Assigned task => Can you quote the lines below exactly, starting at the line with "Leayjeen Hard EVA" and going through the last one?

Data under study =>
::::::
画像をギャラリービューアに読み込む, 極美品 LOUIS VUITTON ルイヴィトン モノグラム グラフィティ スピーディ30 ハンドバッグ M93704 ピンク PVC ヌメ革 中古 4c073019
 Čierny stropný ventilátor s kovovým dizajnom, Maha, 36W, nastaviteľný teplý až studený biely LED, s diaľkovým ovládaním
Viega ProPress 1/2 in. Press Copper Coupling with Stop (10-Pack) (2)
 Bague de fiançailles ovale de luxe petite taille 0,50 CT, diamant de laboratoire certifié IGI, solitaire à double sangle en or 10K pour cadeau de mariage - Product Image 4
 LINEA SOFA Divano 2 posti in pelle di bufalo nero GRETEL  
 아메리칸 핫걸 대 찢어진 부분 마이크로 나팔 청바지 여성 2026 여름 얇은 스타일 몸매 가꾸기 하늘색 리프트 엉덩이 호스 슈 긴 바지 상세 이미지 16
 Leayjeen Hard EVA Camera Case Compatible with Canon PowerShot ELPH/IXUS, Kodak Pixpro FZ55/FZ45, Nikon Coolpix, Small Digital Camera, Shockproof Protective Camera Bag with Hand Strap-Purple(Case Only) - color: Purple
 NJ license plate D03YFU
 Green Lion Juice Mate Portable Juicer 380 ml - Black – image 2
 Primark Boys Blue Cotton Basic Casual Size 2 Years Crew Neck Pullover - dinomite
::::::
Answer to the problem =>
 Leayjeen Hard EVA Camera Case Compatible with Canon PowerShot ELPH/IXUS, Kodak Pixpro FZ55/FZ45, Nikon Coolpix, Small Digital Camera, Shockproof Protective Camera Bag with Hand Strap-Purple(Case Only) - color: Purple
 NJ license plate D03YFU
 Green Lion Juice Mate Portable Juicer 380 ml - Black – image 2
 Primark Boys Blue Cotton Basic Casual Size 2 Years Crew Neck Pullover - dinomite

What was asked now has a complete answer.